WHAT THE EXERCISE ASKS: Output the data below exactly. Leave nothing out.

RECORDS FOR PROCESSING:
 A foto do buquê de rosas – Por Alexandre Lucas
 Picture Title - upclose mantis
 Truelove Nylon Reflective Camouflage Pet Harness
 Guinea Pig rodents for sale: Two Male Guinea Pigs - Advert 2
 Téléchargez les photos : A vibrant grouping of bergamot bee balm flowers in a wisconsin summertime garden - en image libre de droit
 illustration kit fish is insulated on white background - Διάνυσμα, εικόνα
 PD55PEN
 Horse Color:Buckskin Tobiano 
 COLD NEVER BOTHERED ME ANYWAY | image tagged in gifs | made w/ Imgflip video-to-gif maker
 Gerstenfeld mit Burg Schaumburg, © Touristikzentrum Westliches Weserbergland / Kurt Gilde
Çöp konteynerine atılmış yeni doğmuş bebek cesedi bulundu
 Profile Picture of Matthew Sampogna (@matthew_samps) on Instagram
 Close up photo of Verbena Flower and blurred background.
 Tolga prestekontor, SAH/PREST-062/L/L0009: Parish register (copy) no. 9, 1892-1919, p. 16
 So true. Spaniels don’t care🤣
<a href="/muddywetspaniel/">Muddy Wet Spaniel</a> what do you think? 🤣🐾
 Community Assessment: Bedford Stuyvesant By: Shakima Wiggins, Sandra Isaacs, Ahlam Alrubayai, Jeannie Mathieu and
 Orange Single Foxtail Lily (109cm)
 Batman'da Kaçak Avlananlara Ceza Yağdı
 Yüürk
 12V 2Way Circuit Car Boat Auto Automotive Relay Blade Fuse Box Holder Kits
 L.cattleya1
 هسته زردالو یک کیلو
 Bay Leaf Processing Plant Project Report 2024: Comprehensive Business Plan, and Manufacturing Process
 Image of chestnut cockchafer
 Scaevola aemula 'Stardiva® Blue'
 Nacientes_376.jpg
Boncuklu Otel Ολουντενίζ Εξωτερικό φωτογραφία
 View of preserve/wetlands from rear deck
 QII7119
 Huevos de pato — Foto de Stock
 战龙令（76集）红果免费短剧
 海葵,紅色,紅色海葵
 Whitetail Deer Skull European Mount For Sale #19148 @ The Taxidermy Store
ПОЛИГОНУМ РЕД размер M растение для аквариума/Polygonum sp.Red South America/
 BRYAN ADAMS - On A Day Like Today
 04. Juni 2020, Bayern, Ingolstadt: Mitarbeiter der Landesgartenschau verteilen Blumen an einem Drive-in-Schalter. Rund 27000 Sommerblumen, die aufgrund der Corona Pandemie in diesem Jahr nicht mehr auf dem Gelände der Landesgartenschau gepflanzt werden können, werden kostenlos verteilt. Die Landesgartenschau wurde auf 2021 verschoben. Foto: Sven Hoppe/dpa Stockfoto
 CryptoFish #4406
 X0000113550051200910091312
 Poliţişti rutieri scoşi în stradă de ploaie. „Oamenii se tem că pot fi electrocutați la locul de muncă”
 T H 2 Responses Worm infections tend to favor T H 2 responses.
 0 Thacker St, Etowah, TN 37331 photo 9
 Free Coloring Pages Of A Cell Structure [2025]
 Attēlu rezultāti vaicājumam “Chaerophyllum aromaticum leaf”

YOUR RESPONSE:
 A foto do buquê de rosas – Por Alexandre Lucas
 Picture Title - upclose mantis
 Truelove Nylon Reflective Camouflage Pet Harness
 Guinea Pig rodents for sale: Two Male Guinea Pigs - Advert 2
 Téléchargez les photos : A vibrant grouping of bergamot bee balm flowers in a wisconsin summertime garden - en image libre de droit
 illustration kit fish is insulated on white background - Διάνυσμα, εικόνα
 PD55PEN
 Horse Color:Buckskin Tobiano 
 COLD NEVER BOTHERED ME ANYWAY | image tagged in gifs | made w/ Imgflip video-to-gif maker
 Gerstenfeld mit Burg Schaumburg, © Touristikzentrum Westliches Weserbergland / Kurt Gilde
Çöp konteynerine atılmış yeni doğmuş bebek cesedi bulundu
 Profile Picture of Matthew Sampogna (@matthew_samps) on Instagram
 Close up photo of Verbena Flower and blurred background.
 Tolga prestekontor, SAH/PREST-062/L/L0009: Parish register (copy) no. 9, 1892-1919, p. 16
 So true. Spaniels don’t care🤣
<a href="/muddywetspaniel/">Muddy Wet Spaniel</a> what do you think? 🤣🐾
 Community Assessment: Bedford Stuyvesant By: Shakima Wiggins, Sandra Isaacs, Ahlam Alrubayai, Jeannie Mathieu and
 Orange Single Foxtail Lily (109cm)
 Batman'da Kaçak Avlananlara Ceza Yağdı
 Yüürk
 12V 2Way Circuit Car Boat Auto Automotive Relay Blade Fuse Box Holder Kits
 L.cattleya1
 هسته زردالو یک کیلو
 Bay Leaf Processing Plant Project Report 2024: Comprehensive Business Plan, and Manufacturing Process
 Image of chestnut cockchafer
 Scaevola aemula 'Stardiva® Blue'
 Nacientes_376.jpg
Boncuklu Otel Ολουντενίζ Εξωτερικό φωτογραφία
 View of preserve/wetlands from rear deck
 QII7119
 Huevos de pato — Foto de Stock
 战龙令（76集）红果免费短剧
 海葵,紅色,紅色海葵
 Whitetail Deer Skull European Mount For Sale #19148 @ The Taxidermy Store
ПОЛИГОНУМ РЕД размер M растение для аквариума/Polygonum sp.Red South America/
 BRYAN ADAMS - On A Day Like Today
 04. Juni 2020, Bayern, Ingolstadt: Mitarbeiter der Landesgartenschau verteilen Blumen an einem Drive-in-Schalter. Rund 27000 Sommerblumen, die aufgrund der Corona Pandemie in diesem Jahr nicht mehr auf dem Gelände der Landesgartenschau gepflanzt werden können, werden kostenlos verteilt. Die Landesgartenschau wurde auf 2021 verschoben. Foto: Sven Hoppe/dpa Stockfoto
 CryptoFish #4406
 X0000113550051200910091312
 Poliţişti rutieri scoşi în stradă de ploaie. „Oamenii se tem că pot fi electrocutați la locul de muncă”
 T H 2 Responses Worm infections tend to favor T H 2 responses.
 0 Thacker St, Etowah, TN 37331 photo 9
 Free Coloring Pages Of A Cell Structure [2025]
 Attēlu rezultāti vaicājumam “Chaerophyllum aromaticum leaf”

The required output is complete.